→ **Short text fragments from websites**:
%%
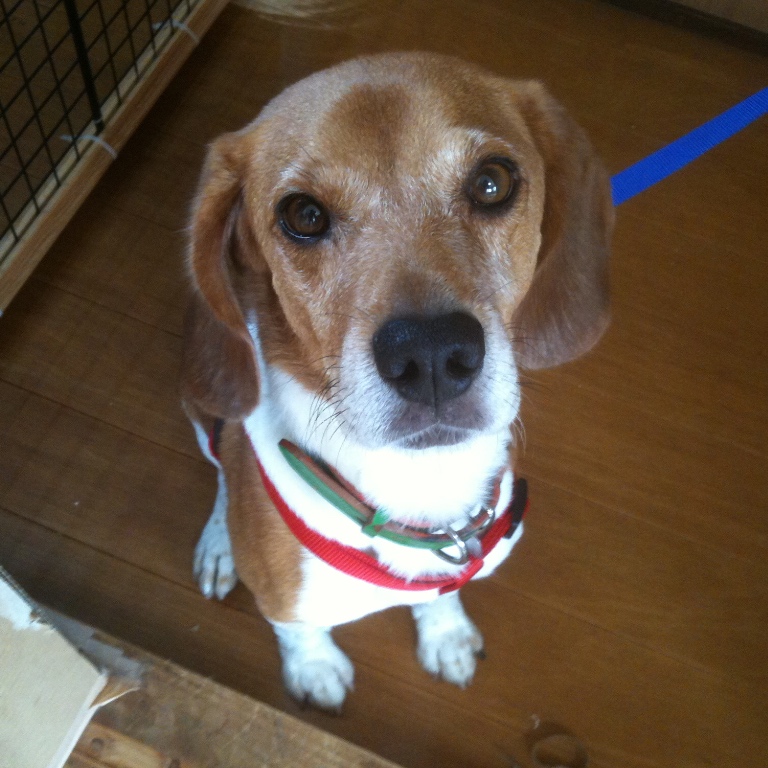 f:id:suminofv:20190601174645j:plain f:id:suminofv:20190601174645j:plain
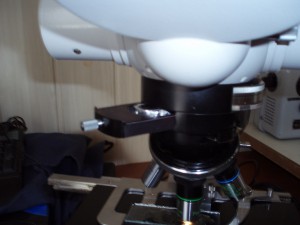 P1010004.JPG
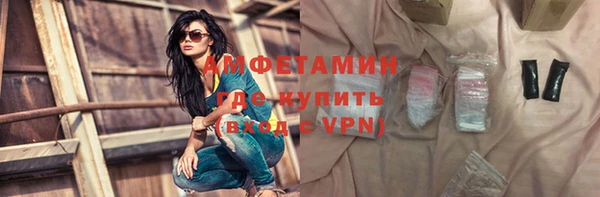 мет Алексин
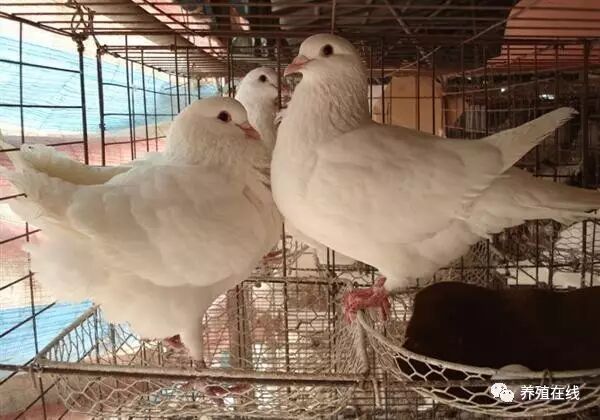 肉鸽养殖周期短,成本低,收效快,效益高,是一项极具发展前景的养殖业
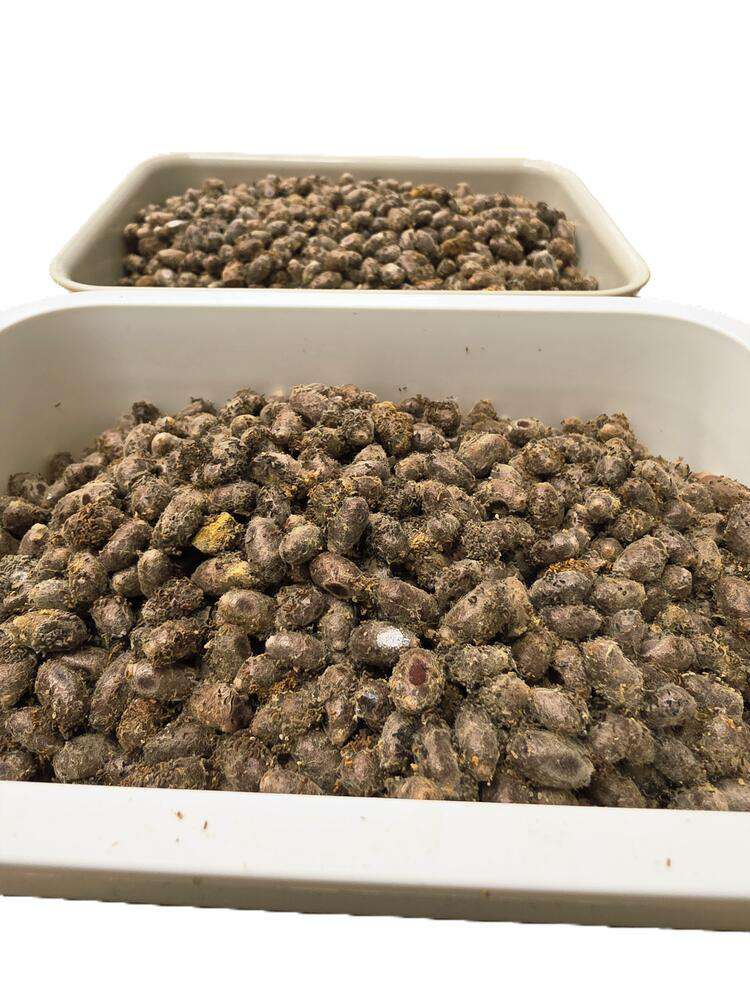 Kokony murarki ogrodowej, zestaw 100szt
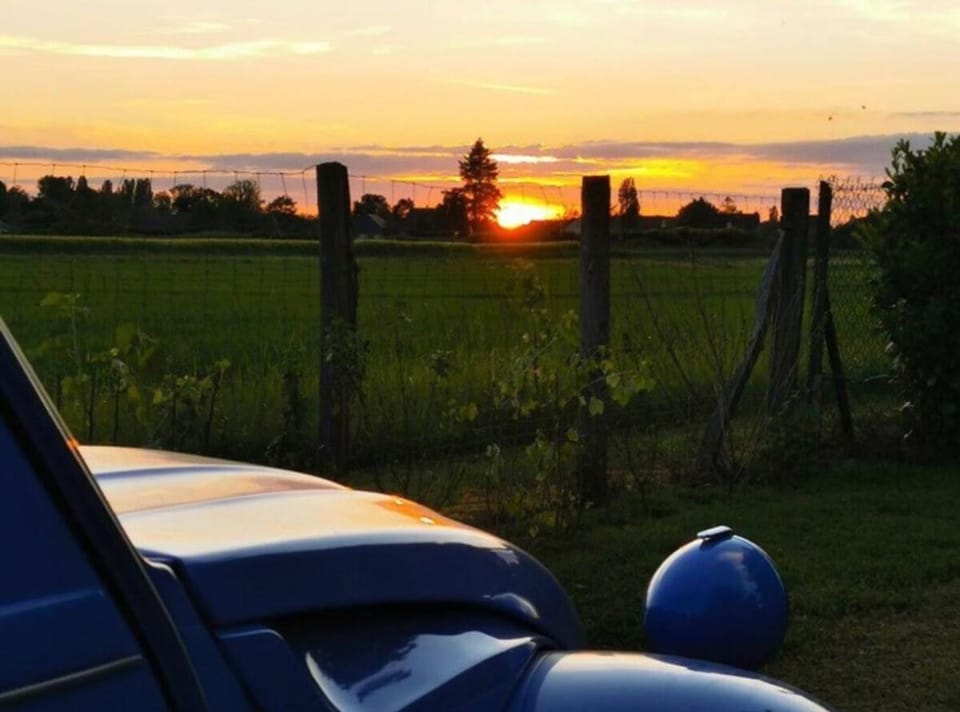 Natural landscape, Sunset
%%
→ **Assignment**: Without changing a word, retype the data above and omit its pictures.

→ **Response to the exercise**:
 f:id:suminofv:20190601174645j:plain f:id:suminofv:20190601174645j:plain
 P1010004.JPG
 мет Алексин
 肉鸽养殖周期短,成本低,收效快,效益高,是一项极具发展前景的养殖业
 Kokony murarki ogrodowej, zestaw 100szt
 Natural landscape, Sunset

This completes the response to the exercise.